Number 7 – sorry, David Murphy – was back in Arlington Monday night to retire as a Ranger. Back where it all started in 1991. Flanked by his family and former agent Scott Boras and former teammates including Palmeiro, Pudge fought back tears during his farewell press conference, rode onto the field in a convertible and then – fittingly – delivered a “first pitch” not from the mound, but from behind home plate down to Michael Young at 2nd base.
“It’s a very hard day for me,” said Rodriguez, wearing a red tie and blue coat. “It’s been a great, great, run. Twenty one years has been beautiful. To see teammates of mine, thank you guys for coming. I want to thank the fans here from Texas and fans from all over baseball. Thanks to the all the organizations I’ve played with.”
The crowd stood.

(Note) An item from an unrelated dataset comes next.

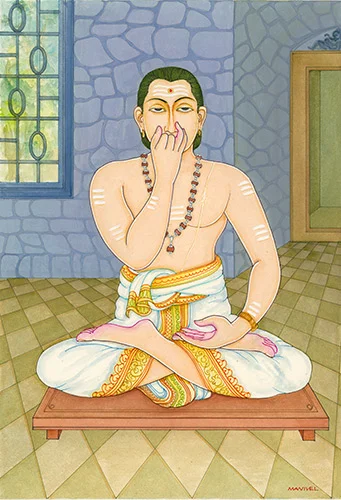 manivelu-hindu-concepts-pranayama_med.jpg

Even the Yankees emerged from their dugout to salute.
In a season that’s seen the Rangers jump to a franchise-best 13-4 record, Pudge trumped all the highlights.
“He was the best I’ve ever seen,” said Rangers’ manager Ron Washington. “He had the quickest release and accuracy I’ve even seen. He was the scariest guy to have back there when you were at first base. He could beat up with the bat big-time. He was a special catcher.”
While popular opinion is that Ryan is the greatest Ranger because of his milestones (300th win, 5,000 strikeout and 2 no-hitters) achieved in Texas, fact is that he only played in Arlington 5 years as a .500 pitcher who never led his team to the playoffs. Young and Gonzalez are better Rangers. And Pudge trumps them all.
Signed by the Rangers as a 16-year-old in Puerto Rico – where he earned “Pudge” as a stocky kid – Rodriguez rocketed through the organization and debuted in ’91 at age 19. I’ll never forget the first time I saw him gun down a base-runner – from his knees, as if to enhance his degree of difficulty in an attempt to make it a fair fight.
His resume reads like a legend: 13 Gold Gloves. 14 All-Star Games. MLB record for games caught. 7 Silver Sluggers. 3 Playoffs with Rangers. 1999 AL MVP. A World Series ring with the Florida Marlins. He hit .300 or better 10 times and had 5 years with 20+ homers.
But the two things I’ll most remember about Pudge: An arm that changed the way teams played against Texas, and a smile that transcended language barriers. One night at old Arlington Stadium he chased a foul ball near the stands and playfully “borrowed” a nacho from the lap of a stunned kid. He played baseball the way we all did as little boys – with passion. With a smile.
Only with a stronger cannon.
In an era when catchers threw out 31 percent of attempting base-stealers, Pudge nailed an incredible 50 percent. Only Johnny Bench might have been better defensively. Only Mike Piazza topped his offensive numbers. You can argue that Pudge isn’t only the greatest Ranger, but also baseball’s all-time best catcher.
Best of all Pudge, like the Mavericks’ Dirk Nowitzki and the Cowboys’ Emmitt Smith, is ours. Drafted by the Rangers, we witnessed his debut and helped raise him into a mature person and unparalleled player. He’s the Rangers’ first-born immortal player. He’s a local treasure.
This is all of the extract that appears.